Su Tech Ennui: Quick hack #17 in a series of 42: inlining LaTeX "\newcommand" macros

Sunday, November 4, 2007

Quick hack #17 in a series of 42: inlining LaTeX "\newcommand" macros

A poster on the TeXhax mailing list asked how he could pre-process his LaTeX file to remove his own macros (created using \newcommand) because his typesetter for some reason does not allow user-defined macros. It turns out that TeX/LaTeX doesn't have the ability to output the de-macroed source, so I hacked up a macro processor in C that's compatible with LaTeX's syntax and leaves anything it doesn't recognise untouched.

I was quite surprised how hard it was to get right. It took me about 3 hours to write rather than the 30 minutes I expected, and here's why: in previous code where I've needed to do macro expansion, I've done it as a filter on reading the source stream, and as a result, if a macro definition included a call to another macro, it was trivially expanded on the fly before being fed into the new definition.

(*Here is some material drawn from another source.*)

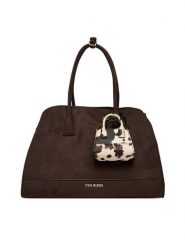 Steve Madden Torebka Bharlli 13002290 Brązowy. Brązowe torebki klasyczne Steve Madden, bez wzorów, ze skóry, bez dodatków. Za 559.99 zł.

This implementation falls out in the wash with no explicit effort, and for the sort of things I've needed it for in the past (such as an alias mechanism for a command-line shell, or for a cpp-like source-code preprocessor) it's actually what you want, because aliases chain correctly when redefined (eg alias ls = ls -l - you don't need to worry if ls is already an alias or not).

However for TeX's mechanism, the generated text is then reprocessed for recursive macro expansion. This is useful in TeX because it lets you use a macro to generate other macros, but it does complicate the business of writing the macro expansion code.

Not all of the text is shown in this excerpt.